Nate Davis: Championship QB and MVP. Maybe I really can pick ‘em.
Or maybe not. In recent years, I’ve fallen for the likes of Ricardo Lockette, Quinton Patton (though not on this play), B.J. Daniels (not to be confused with B.J. Thomas, the “Hooked on a Feeling” singer), and Glenn Winston.
Of course, it always helps when the holes open wide and you’re barely touched, but as you can tell from the commentary, Troy Aikman and Joe Buck couldn’t help but be impressed with Winston. Though probably not as impressed as he was with himself. I wasn’t making reservations in Canton for these guys or anything, but I thought they all could have a bright future with the team to varying degrees. And in my defense, Winston did end up helping the 49ers on the field.
That’s usually the final stage of the fool’s gold saga — the player gets cut and picked up elsewhere, where they gently fade away, never coming back to haunt your team. I understand the phenomenon, but I’m powerless to stop it. The only question is, who will it be this year?

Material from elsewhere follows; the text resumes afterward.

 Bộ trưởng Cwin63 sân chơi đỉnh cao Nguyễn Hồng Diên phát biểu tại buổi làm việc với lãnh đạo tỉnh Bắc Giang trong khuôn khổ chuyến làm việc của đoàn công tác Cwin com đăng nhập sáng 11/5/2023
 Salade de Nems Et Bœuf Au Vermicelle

A skill position player in all likelihood. Though pass rushers and defensive backs can show up on the radar from time to time, it’s easier to write them off due to the competition — they’re often going up mano a mano against someone you’ve never heard off. It’s harder to write off a RB slicing through a team’s entire run defense, or a WR beating multiple defenders, or a QB dicing up a secondary. I’m confident C.J. Beathard and the other backup QB’s are who we thought they were, so that’s likely out. There are a couple of WRs who could stoke the hype machine by becoming preseason standouts, most notably Dante Pettis — though some might say his draft pedigree takes him out of consideration. The same could be said for Joe Williams at RB, but his destiny has already been foretold.
So my top candidate would be Williams. If he goes off this preseason, I won’t just be on the bandwagon, I’ll be driving it. And maybe even choreographing a dance as tribute.